The flame begins to die again. I glance at the small pile of spent matches. Why let them go to waste? I scoop them up and shove them one by one into every space I can find between the wood and paper. It looks a little a creepy, like I am building a sinister pyre or an effigy of something.
The flame flutters and grows smaller until nothing but a tiny strip of smoking ash remains along the edges of the paper.
There’s a sudden thud on the front porch. Klaus jumps to his feet and goes to the door for a sniff. He gives a loud huff and starts wagging. I hear another thump and then a soft knock.
I climb down from the hearth and dust off my knees. With my recent luck, I imagine more bad news waits on the other side of the door. The last thing I expect to see is Reason, holding an armload of firewood across his arms. It’s really him, though, and he has exactly what I need: wood. And probably skill.
He grins at me, and I want to throw myself in his arms. He looks like a great big beautiful ray of sunshine gleaming though the clouds of disaster, my hope—my friend—my firewood angel. The cold has turned his cheeks and lips rosy, and he bites the bottom one between his teeth with an expectant look. I don’t even stop to wonder how he knew I needed it. I just want it burning as soon as possible.
“Need some help?”
“Definitely.” I’m still stunned, but I get out of the way.

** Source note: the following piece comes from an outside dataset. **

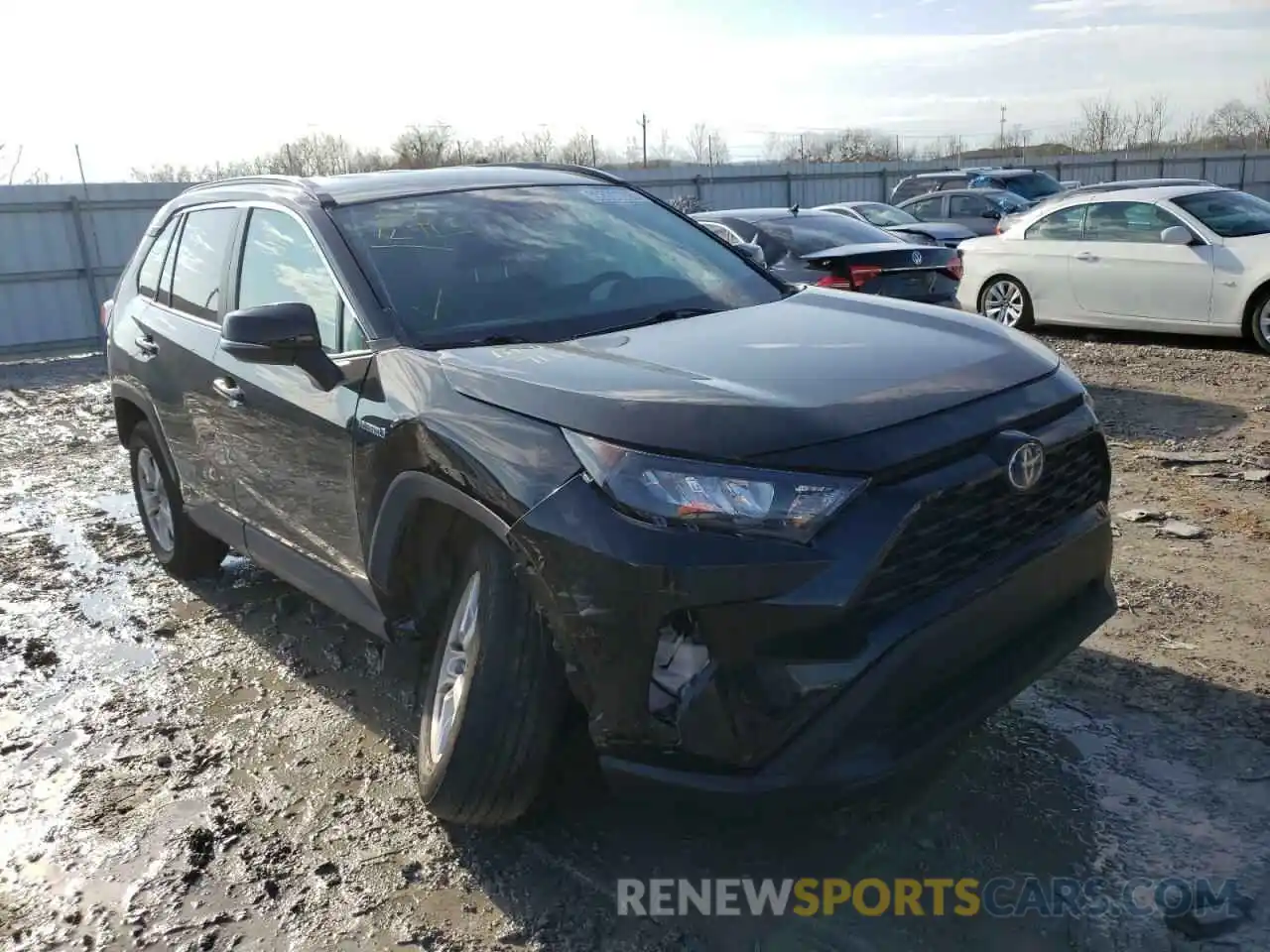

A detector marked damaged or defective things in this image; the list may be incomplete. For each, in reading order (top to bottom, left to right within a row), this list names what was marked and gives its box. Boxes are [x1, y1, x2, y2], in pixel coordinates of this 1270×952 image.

damaged front bumper [510, 416, 1117, 796]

He steps through the door and carries the bundle to the hearth. A few minutes later, I have a large warm fire blazing in it. He didn’t even laugh at my matchsticks.
I sit crisscross on the floor, relishing every bit of warmth I can absorb into my outstretched hands. He sits on the floor across from me with his back against my mother’s chair. Klaus’ head rests in his lap.
Now that I’m warm, curiosity takes over. “How did you know I needed help?”
“I got a call from Nick at Double-S. He told me you didn’t have any heat.”
It still doesn’t make any sense. “How would he know to call you?”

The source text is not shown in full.